Output each line of the listing exactly, though pictures are not to appear.

Start of Dataset content

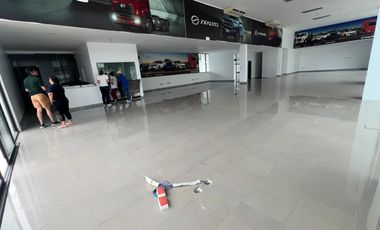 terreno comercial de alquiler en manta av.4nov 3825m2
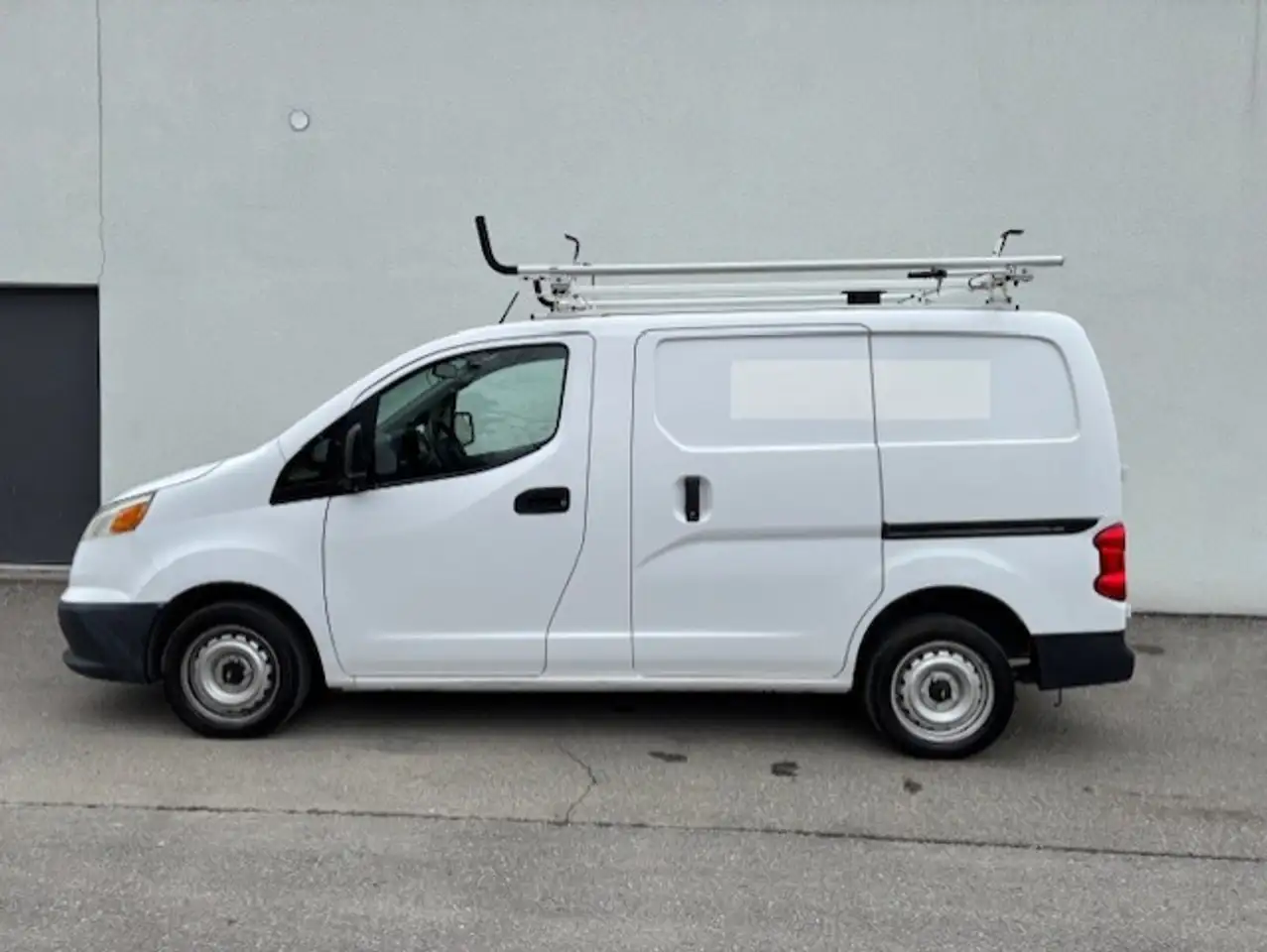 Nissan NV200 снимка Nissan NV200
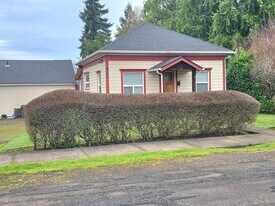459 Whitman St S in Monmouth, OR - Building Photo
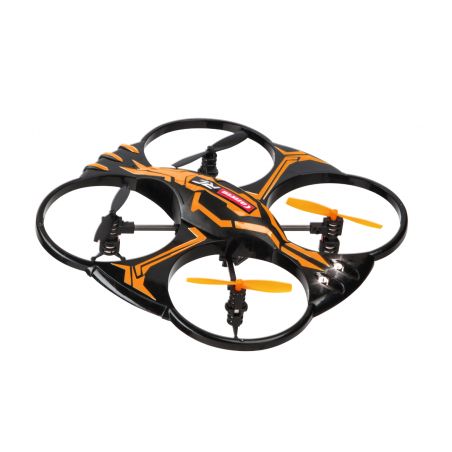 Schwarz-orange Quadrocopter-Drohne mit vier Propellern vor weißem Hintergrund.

End of Dataset content

> [Exercise response]:
 terreno comercial de alquiler en manta av.4nov 3825m2
 Nissan NV200 снимка Nissan NV200
459 Whitman St S in Monmouth, OR - Building Photo
 Schwarz-orange Quadrocopter-Drohne mit vier Propellern vor weißem Hintergrund.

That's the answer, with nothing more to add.